Caution: Sex-offender registry
Orville Taylor, Contributor
If you have been convicted of a gun crime, should there be a publicly accessible document for persons who have desires to employ you? Everyone who has been sentenced for theft must be in a dossier for crooks, and it doesn't matter if she is a 'crutcher' (kleptomaniac) who stole a G-string, one who underinvoiced his income tax, or embezzled $18 million from his employers.
There is an underlying adage we learned in school and in our peer groups. Even our parents taught us, "Once a thief, always a thief," as we were told to shun the little scoundrel who dipped his hands in Mr Chin's thread bag.
Although Ranny never stole again, or was never caught stealing again, we called him 'Chetlaow!' for at least the next 12 years until he completed high school and migrated. It was ironic because it is my only recollection of him stealing, and he went on to become a lawyer, where, like all members of that esteemed profession, he shows complete honesty and fairness in his dealings with others and the court. Yet, the stigma remained with him, and when I met him again in college, I mischievously introduced him to my American friend as Chet, an American-sounding name.
However, there is something fundamentally wrong, because Christianity teaches us that we can be reformed and saved in this life. The greatest Christian soldier, Paul, was the big nasty Saul, the persecutor par excellence of the early 'Jesusophiles'. Our modern legal system supposedly is now oriented towards restitutive law, as opposed to the old repressive and punitive law. Thus, the term is no longer the penal system or the penitentiary, but the correctional services and correctional centre, respectively.
OBJECTIVE TO PUNISH
The significant difference between the two types of legal philosophies is that with repressive law, the objective is simply to punish the offender, because he cannot be fixed. Thus, he is removed like the right hand which offends, and his punishment is to deter other would-be criminals.
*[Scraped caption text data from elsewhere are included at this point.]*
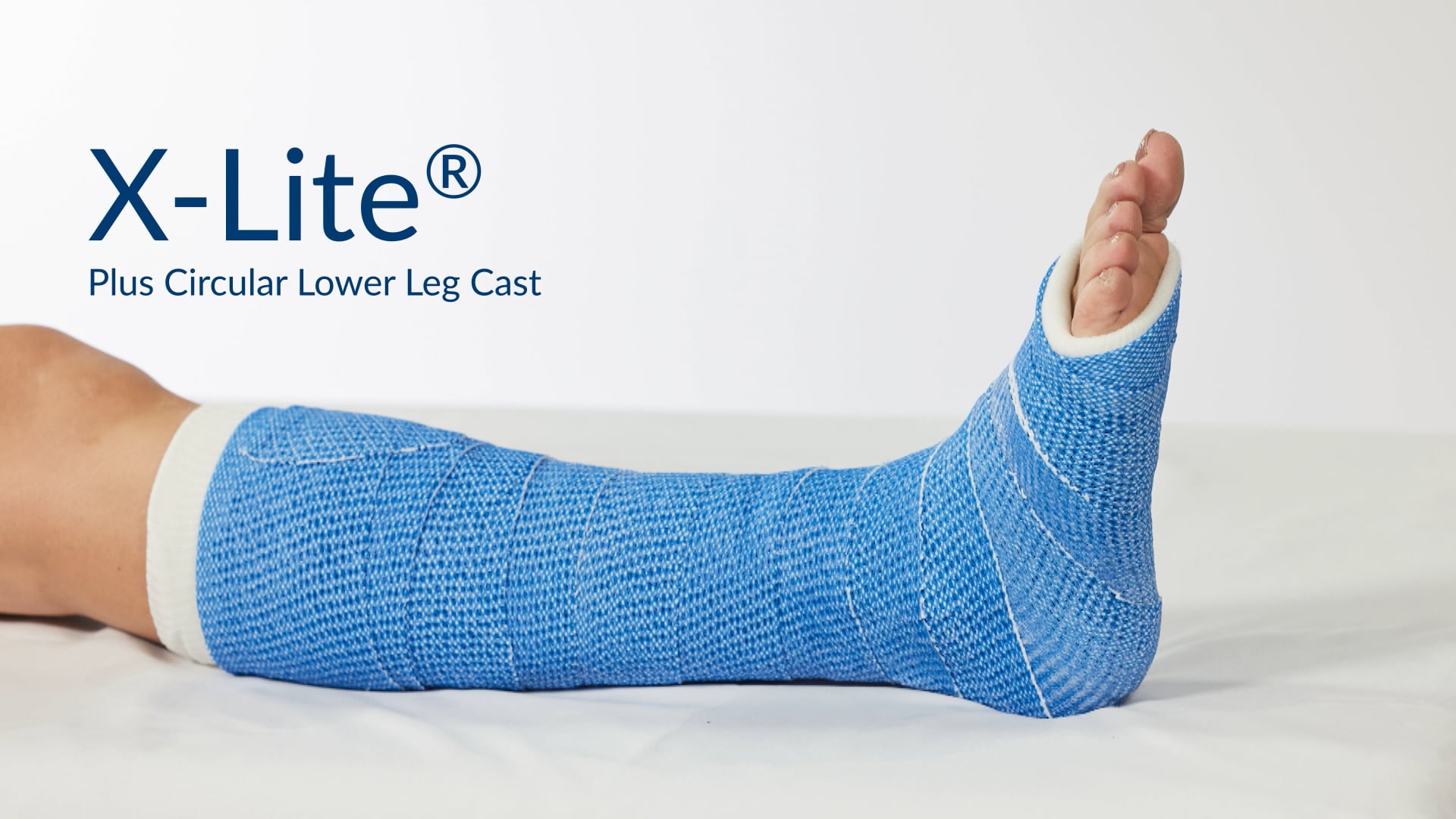 X-Lite® Plus: Lower leg cast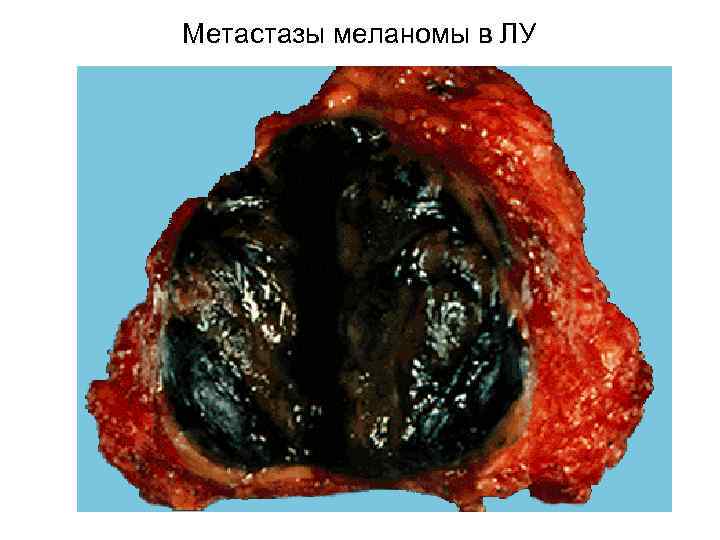 Метастазы меланомы в ЛУ 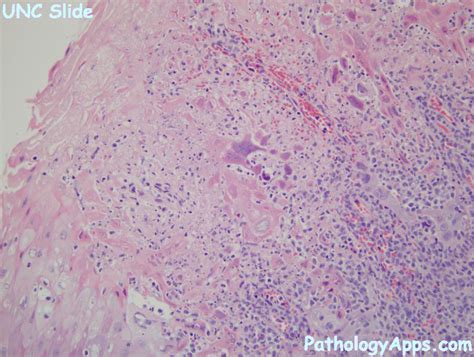 hsv pathology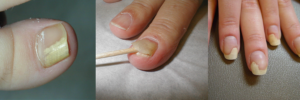 Чем обработать ногтевое ложе после удаления ногтя, был грибок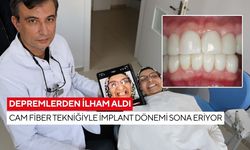Depremlerden ilham aldı: Cam fiber tekniğiyle implant dönemi sona eriyor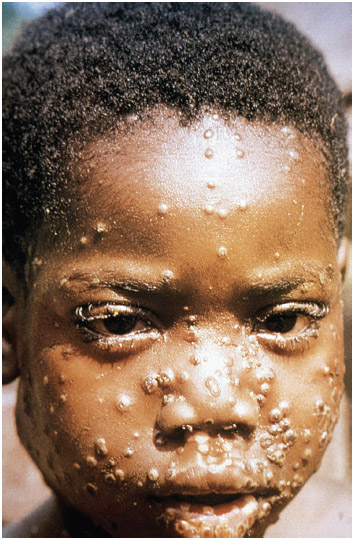 Face of a young boy, who'd sustained the ravages of the characteristic maculopapular monkeypox cutaneous rash. Monkeypox is an infectious disease caused by the monkeypox virus.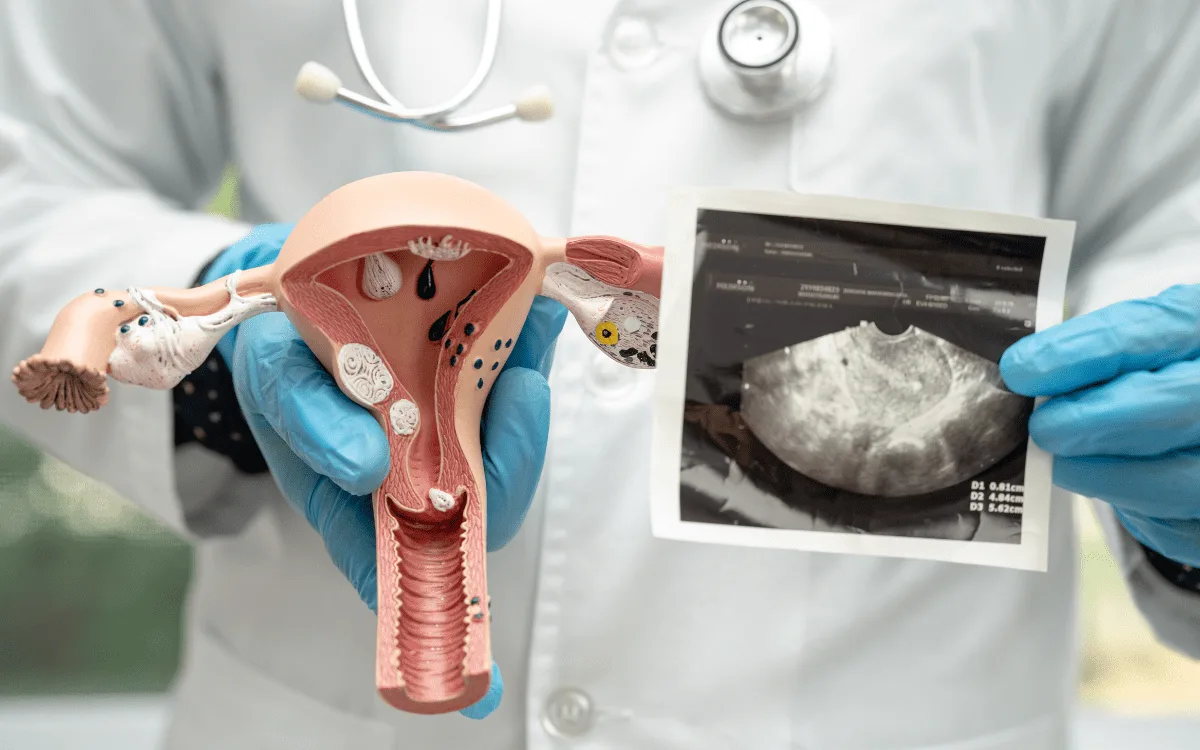 ¿Qué especialista trata los miomas uterinos en Tijuana?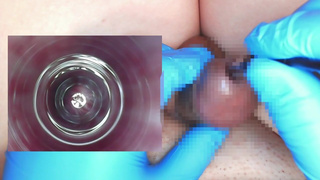 I put an endoscope in a 10mm test tube and observed the inside of the urethra.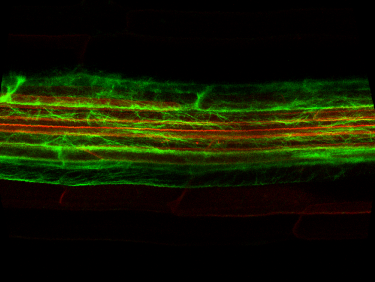 Fluorescence microscopy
On the other hand, restitutive law still carries the concept of punishment, but with the intention of re-establishing normality, if possible. It assumes that an offender, once convicted and punished, if necessary, he is rehabilitated. Punishment is finite and ends at some point. One does not continue to be penalised after the initial sentence is completed because the person has paid his debt to society - another corny cliché.
Yet, curiously, there is an apparent presumption that persons who carry out sex crimes are particularly incorrigible and present a danger or recidivism which is different from other criminals. Is it true that sex offenders are very likely to continue, or is it 'strike one and you're out'? Something seems terribly wrong with the idea that a person has to be punished for the rest of his life, unless one is arguing that there is nothing that one can do to reform a sexual deviant, however that person is defined.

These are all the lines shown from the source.